Energy specialist BBEnergy has commissioned its 150 kW concentrated solar thermal demonstration plant at State-owned power utility Eskom’s research and development site, in Rosherville, and aims to deploy larger-scale solar thermal plants to provide process heat for the mining industry, says BBEnergy CEO Dr Steven Bluhm.
“We have had a test and development plant on site in Bryanston, Johannesburg, since 2010 and we have gone through several iterations over two years of testing to develop this solar thermal demonstration plant. From our tests, we have determined that we can increase the temperature and pressure in the plants, which we will install at mines to provide heat for mining and treatment processes.”
The demonstration linear Fresnel plant achieves a temperature of 250 ºC, operates at a pressure of 40 bar and generates about 1 400 kWh a day, but BBEnergy says future designs will enable its concentrated solar thermal plants to operate at significantly higher temperatures and pressures.
An 80 m × 80 m BBEnergy concentrated solar thermal plant, using its current design, will generate 3.6 MW of thermal power. Future plants will generate more thermal power from the same area.
Currently, mines use electricity to provide heat for several mine treatment processes, but they can substitute electrically generated thermal power with solar thermal power when conditions are favourable.

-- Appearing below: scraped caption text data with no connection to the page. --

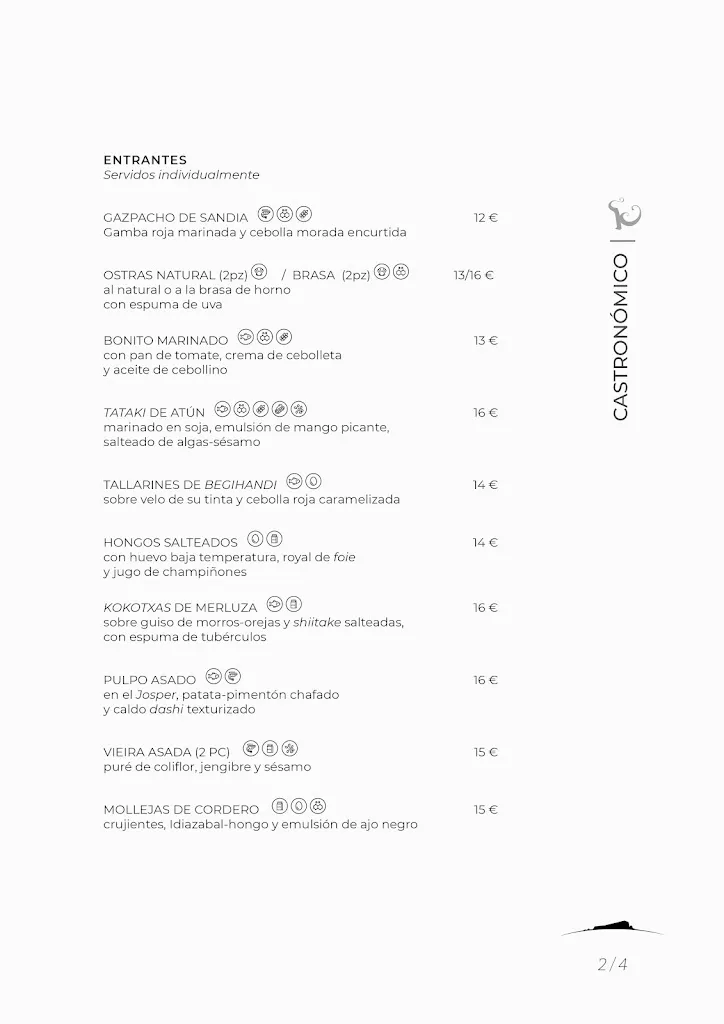 Menu_Kanala Beach_Gautegiz Arteaga_image_2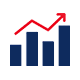 Debt Capital Markets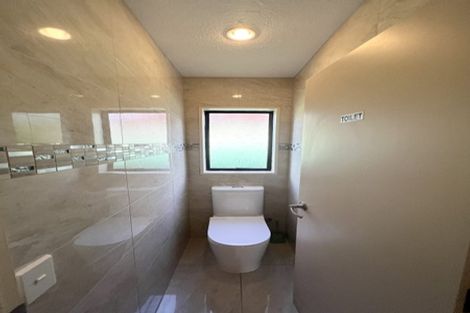 Photo of property in 9 Harrods Court, Ilam, Christchurch, 8053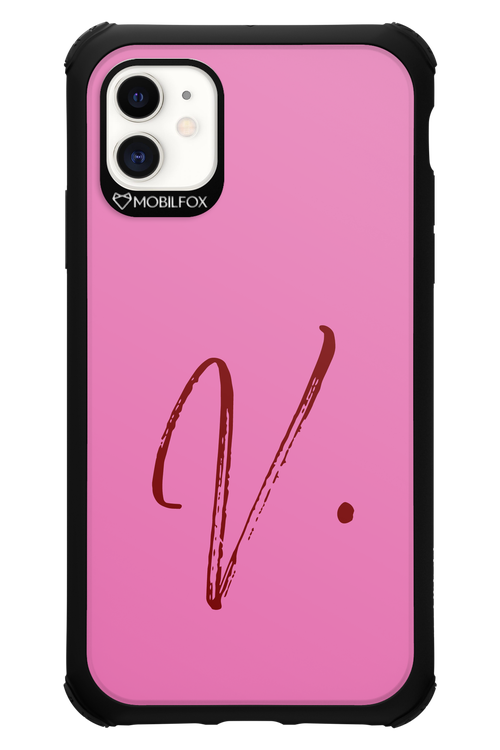 (Sorbet) V 2.0 - Apple iPhone 11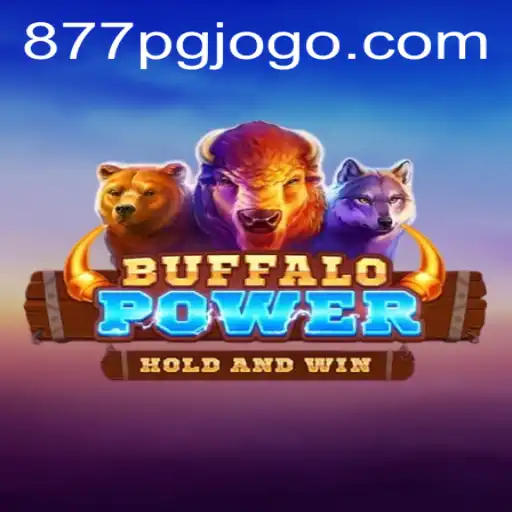 Explorando o Fascinante Universo de BuffaloPower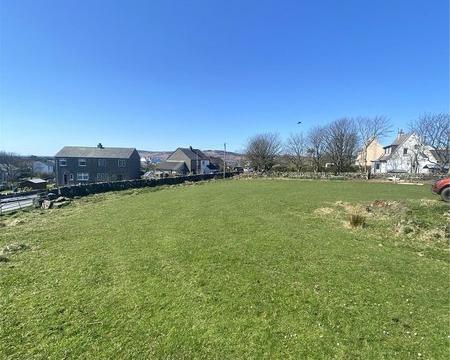 Under Offer, Land for sale in Port Ellen photo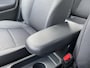 Toyota Yaris 1.5 Hybrid Active Dynamic-special Nieuw geleverd, dealeronderhouden, Lichtmetalen velgen, Achteruitrijcamera, Adaptieve cruise control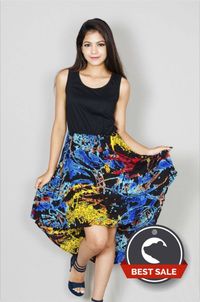 review-Ajphotographs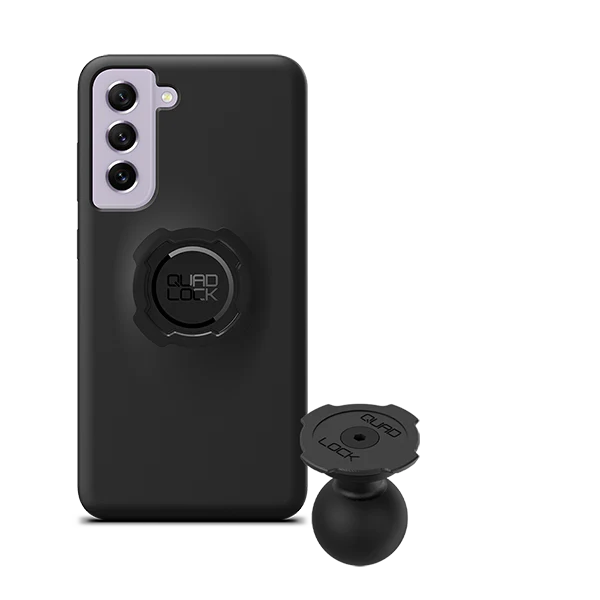 Ball Top Cap Adaptor Car Kits - Galaxy - Image 27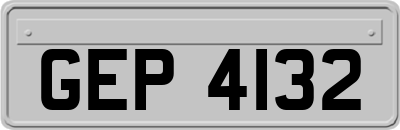 GEP4132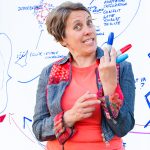 Nathalie Fortin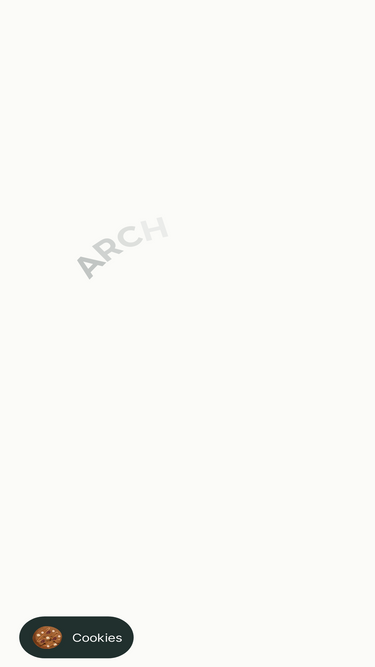arch.design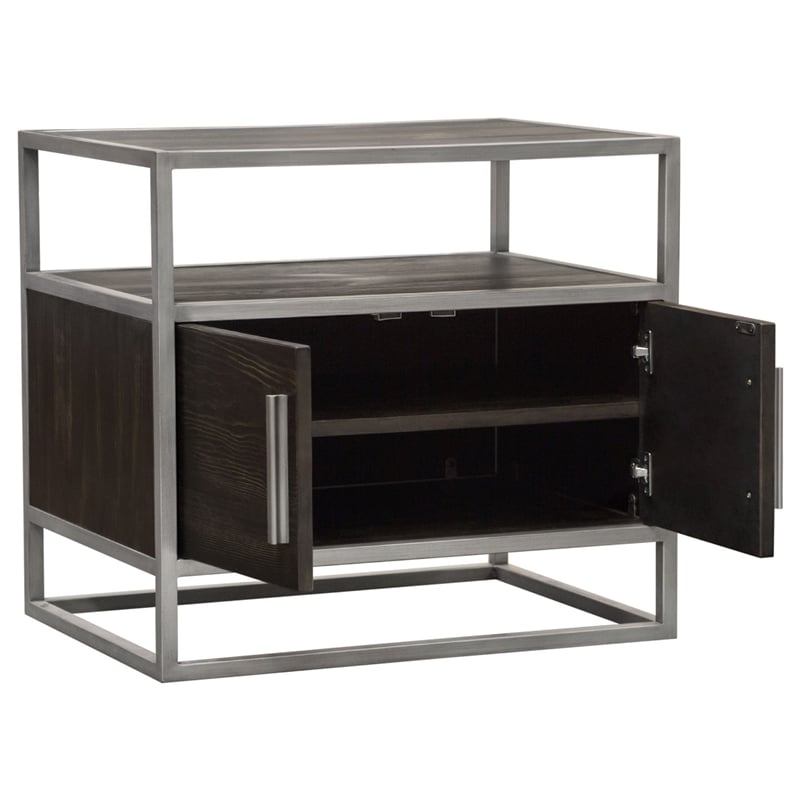 Benjara Chek 26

“We achieved a 95% localisation content with this demonstration plant, with only the gearboxes imported. “We have designed the system so that workers can easily assemble it and there is minimal working at height, owing to assembly methods that were considered during design. All maintenance work can be done using a simple scissor-lift.”
BBEnergy’s feasibility study found that its concentrated solar thermal plants have expected payback periods of less than four years.
“The applications that can use the heat from such a plant in industry and mining include gold mining elution systems, desalination plants and power station augmentation schemes, as well as process heating and absorption refrigeration, all of which are energy-intensive and costly to companies,” highlights Bluhm.
The plant uses global-positioning system data to determine its latitude and weather instruments to track the sun and measure its intensity, which, in turn, are used to align the mirrors to follow the sun and reflect this up to the pressurised water pipes in the receiver. The system automatically detects adverse weather conditions and determines when to protect itself from hail or high winds by turning the mirrors down to face the ground.